Half of these PV systems are used by utility-scale plants, with the balance shared between residential and commercial installations.

Solar PV systems also qualify for tax-incentives; such as the ITC (investment tax credit), and MACRS (modified accelerated cost recovery system), which is an accelerated depreciation used for solar assets.

Since about 2008, the US PV power capacity has grown from less than 1,000 MW (megawatts– million watts) to over 18,000 MW.

Since 2001, PV capacity worldwide has increased about 47 percent each year.

Some of the costs for solar PV systems include the PV solar panel modules, and solar micro-inverters used for converting DC energy captured by the panels into AC electricity used in the home or business.

Additional expenses include: regulatory compliance, electrical grid connections, cabling, and attachment hardware.

End-user online websites for monitoring, receiving reports, and performing diagnostics on their solar PV system, are also used.

It is estimated by 2050, globally, 25,000 GW of zero-carbon emission energy (like solar) will be necessary in order to prevent hazardous anthropogenic (human caused) air pollution.

This will be needed in order to offset the estimated 25 TW (terawatts–trillion watts) of power the globe will be using in 2050.

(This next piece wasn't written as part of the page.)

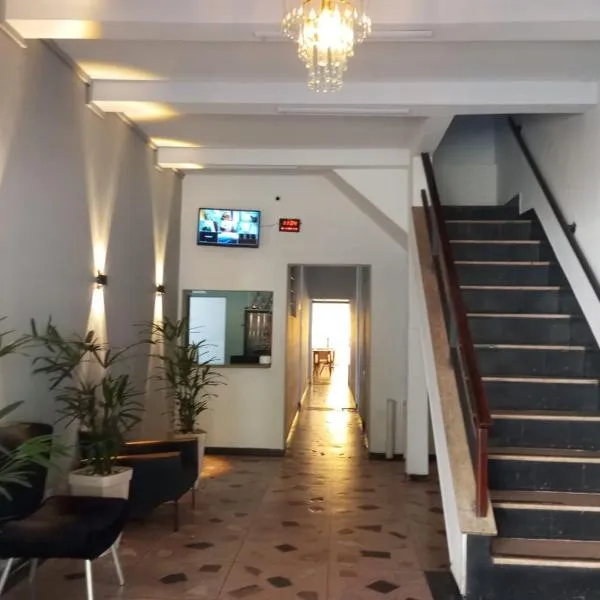 Dom Victor Residence Hotel 2, khách sạn ở Goiânia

This means the US will need a land area for solar PV generation of roughly 12,740 square miles using present-day PV solar technology and hardware methodology.

The total square miles of the 48 contiguous states of the mainland US is 3,119,884 square miles.

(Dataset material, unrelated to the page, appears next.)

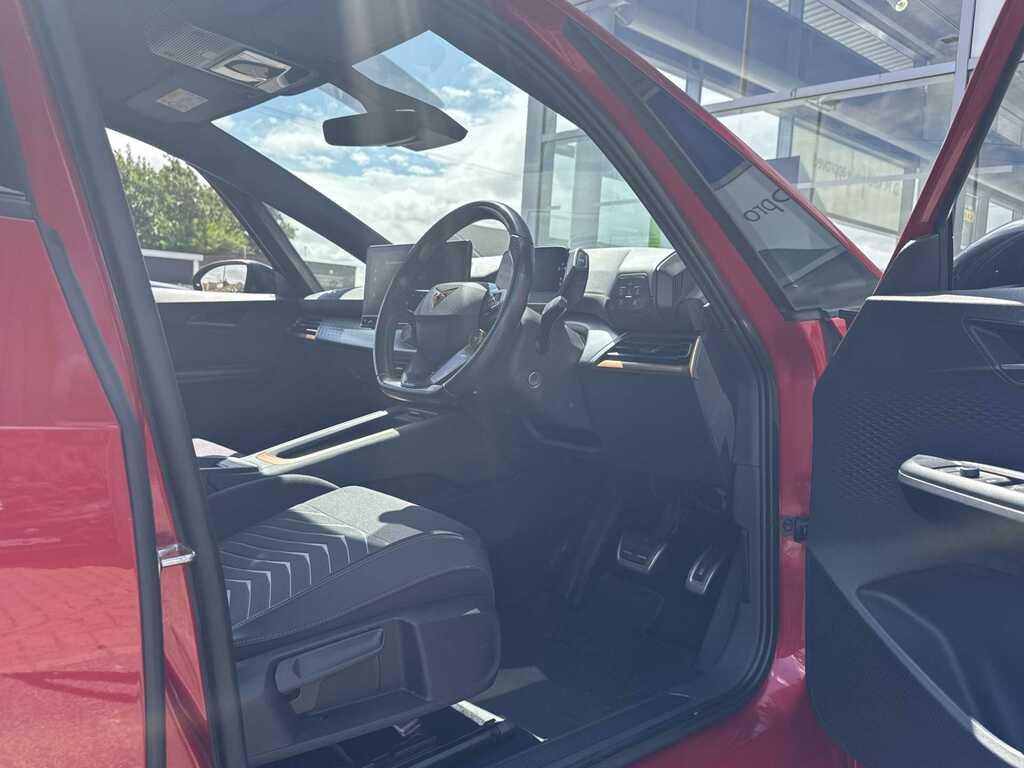 Cupra Born Cupra Hatchback 150Kw V1 58Kwh Grey #44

For those of you doing the math, this ends up being slightly less than one-half of 1 percent (+0.4083).

MIT’s study also included a thorough glossary covering many acronyms and solar-power-related terminology.

You can read the complete MIT “The Future of Solar Energy” report at

The future of solar PV electrical energy-producing systems is growing.

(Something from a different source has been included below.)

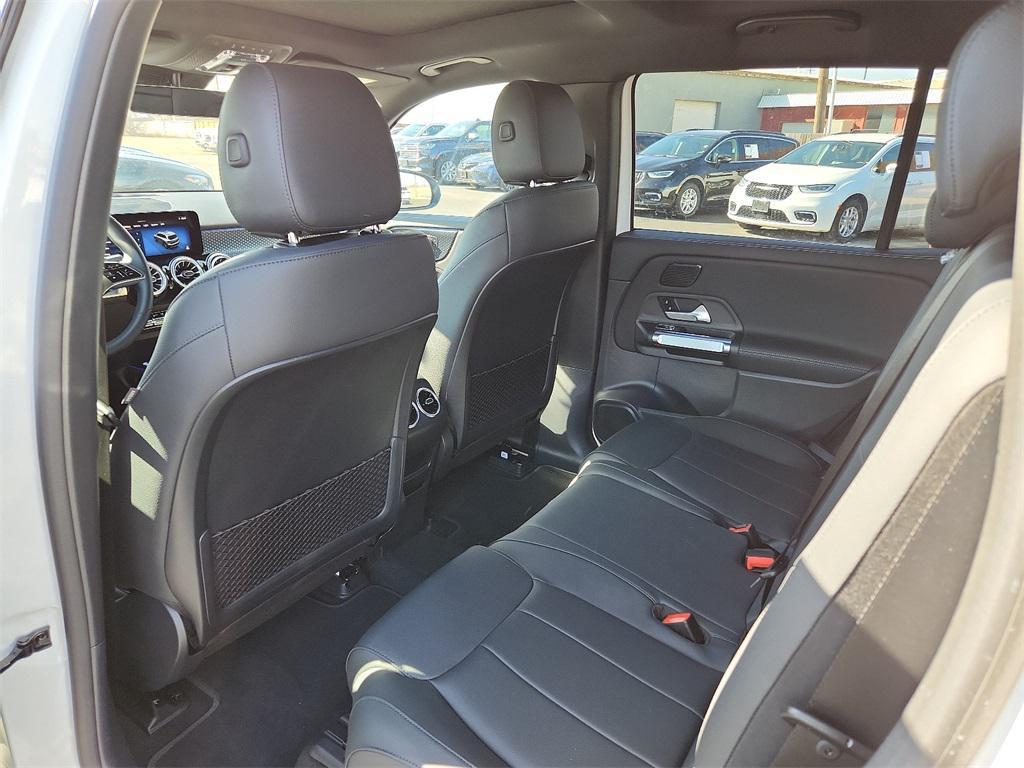 used 2024 Mercedes-Benz EQB 250 car, priced at $47,933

They are becoming an alternative and a supplementary electrical power source for individuals and businesses; and an auxiliary power addition for commercial electrical utilities.

Solar energy companies are also installing “community solar gardens.”

These eliminate homeowners from having to have solar panels and associated equipment installed at their residences; but still benefit from solar-generated electricity.

Minnesota Public Radio recently aired a 4-minute, 30- second segment discussing Xcel Energy’s community solar gardens.

Here is the link for it:

Solar energy will be providing up to 10 percent of Minnesota’s electricity needs by 2030, Xcel Energy said in the radio segment.

Increased, widespread use of this green technology, will reduce our carbon dioxide footprint; helping to save this planet’s environment for future generations.